Python中如何实现OCR识别功能？

tesseract-ocr 需要自己训练样本准确度才会高。

用Python做OCR，Tesseract是首选方案，配合pytesseract和PIL/Pillow就能快速上手。下面是完整代码示例：

# 安装依赖：pip install pytesseract Pillow
# 还需要单独安装Tesseract引擎：https://github.com/UB-Mannheim/tesseract/wiki

import pytesseract
from PIL import Image
import os

# 设置Tesseract路径（Windows需要，Linux/Mac通常不需要）
# pytesseract.pytesseract.tesseract_cmd = r'C:\Program Files\Tesseract-OCR\tesseract.exe'

def basic_ocr(image_path):
    """基础OCR识别"""
    try:
        img = Image.open(image_path)
        text = pytesseract.image_to_string(img, lang='chi_sim+eng')  # 中英文混合识别
        return text.strip()
    except Exception as e:
        return f"识别失败: {str(e)}"

def ocr_with_preprocess(image_path):
    """带预处理的OCR识别（提高准确率）"""
    from PIL import ImageEnhance, ImageFilter
    
    img = Image.open(image_path)
    
    # 预处理步骤
    img = img.convert('L')  # 转灰度
    img = ImageEnhance.Contrast(img).enhance(2.0)  # 增强对比度
    img = ImageEnhance.Sharpness(img).enhance(2.0)  # 锐化
    img = img.filter(ImageFilter.SHARPEN)  # 再次锐化
    
    # 自定义配置
    custom_config = r'--oem 3 --psm 6'
    text = pytesseract.image_to_string(img, lang='chi_sim', config=custom_config)
    return text.strip()

# 使用示例
if __name__ == "__main__":
    # 方法1：基础识别
    result1 = basic_ocr("test.png")
    print("基础识别结果:\n", result1)
    
    # 方法2：预处理后识别
    result2 = ocr_with_preprocess("test.png")
    print("\n预处理后识别结果:\n", result2)
    
    # 获取边界框信息（用于文本定位）
    img = Image.open("test.png")
    data = pytesseract.image_to_data(img, output_type=pytesseract.Output.DICT)
    print("\n文本位置信息:", data['text'])

关键点说明：

Tesseract安装：需要单独安装OCR引擎，Windows下注意设置tesseract_cmd路径
语言包：lang='chi_sim'用中文包，'eng'用英文，'chi_sim+eng'混合识别
预处理：灰度化、对比度增强、锐化能显著提升识别率
配置参数：--oem 3用默认LSTM引擎，--psm 6假设为统一文本块

替代方案：

复杂场景用easyocr：pip install easyocr，对中文支持更好
需要高精度用商业API：百度/腾讯OCR

总结建议：简单场景用Tesseract，复杂需求上easyocr。

sinazl 3楼

baidu ocr 接口，最近一直用这个，5W 次 /天免费？

h691938207 4楼

baidu ocr 能设计单行模式吗？

eggper 5楼

#2 #2 讲道理一天 5W 次?

有什么其他的地址吗?

nodeper 6楼

什么不单行模式，只要其中某行的结果吗？
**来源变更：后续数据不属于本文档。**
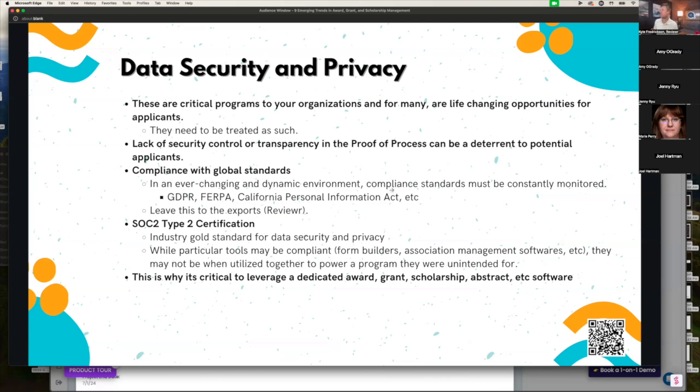Data security and privacy cannot be overlooked. There are so many moving parts constantly changing — many acronyms like GDPR and California Privacy Acts. You can't be at the forefront of all of them, but our team can. Leave it to the experts to stay aware of what's evolving in the space. We get audited, we do penetration testing, and we're SOC 2 Type 2 certified, which is the industry gold standard. Just note that we do care about data security and privacy — it's a topic that is becoming very, very popular, and you need to make sure the tools you're utilizing are compliant.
如果是这样那为什么不先截出来再上传识别呢

caililin 7楼

哇靠，你怎么是这样！我从控制台的进去的就是 5W

wuwangju 8楼

控制台跟你的一样… 宣传页面是 500…

wuwangju 9楼

嗯嗯，之前还做进对比：

百度的黄色的正确是中英标点有误（中文的识别成英文），绿色正确是完全正确，单个标红是除了红色部分其它全部识别正确

阿里的就是直接的识别结果

可以看出来百度在文字识别这块还是很强的

yuanlaile 10楼

类似 tesseract 的 psm 7
Page segmentation modes:
0 Orientation and script detection (OSD) only.
1 Automatic page segmentation with OSD.
2 Automatic page segmentation, but no OSD, or OCR.
3 Fully automatic page segmentation, but no OSD. (Default)
4 Assume a single column of text of variable sizes.
5 Assume a single uniform block of vertically aligned text.
6 Assume a single uniform block of text.
7 Treat the image as a single text line.

wuwangju 11楼

我是直接下载的对应的中文训练集，就是不知道自己训练的话要如何实现呢？

yuanlaile 12楼

大佬发个链接 0.0

h691938207 13楼

官网（可以直接在“功能演示”上传图片体验下）
https://cloud.baidu.com/product/ocr/general
文档
https://cloud.baidu.com/doc/OCR/OCR-Python-SDK.html#.E5.BF.AB.E9.80.9F.E5.85.A5.E9.97.A8

yibo5220 14楼

谢谢啦

yuanlaile 15楼

靠效果确实不错就是只有 500 次

h691938207 16楼

通用识别（非高精度）应该有 5W 的，也够用

itying888 17楼

ocr 腾讯家最强

h691938207 18楼

通用的只有 500 次啊，要是 5w 次的话，我就不用再找了

htzhanglong 19楼

靠，控制台进去 5w 次，外面 500 次，醉了

sinazl 20楼

我买的谷歌云提供的 vision

yuanlaile 21楼

效果和费用怎么样

yuanlaile 22楼

公网的话，用免费的 ocr 接口，不是特殊需求日常食用足以。
要内网使用，特殊的字符需求，数据集小的 [tesseract]( https://github.com/tesseract-ocr/tesseract) 3.05 训练好了。
数据集量够的话，可以看看深度学习的方法了：注意力+长短期记忆。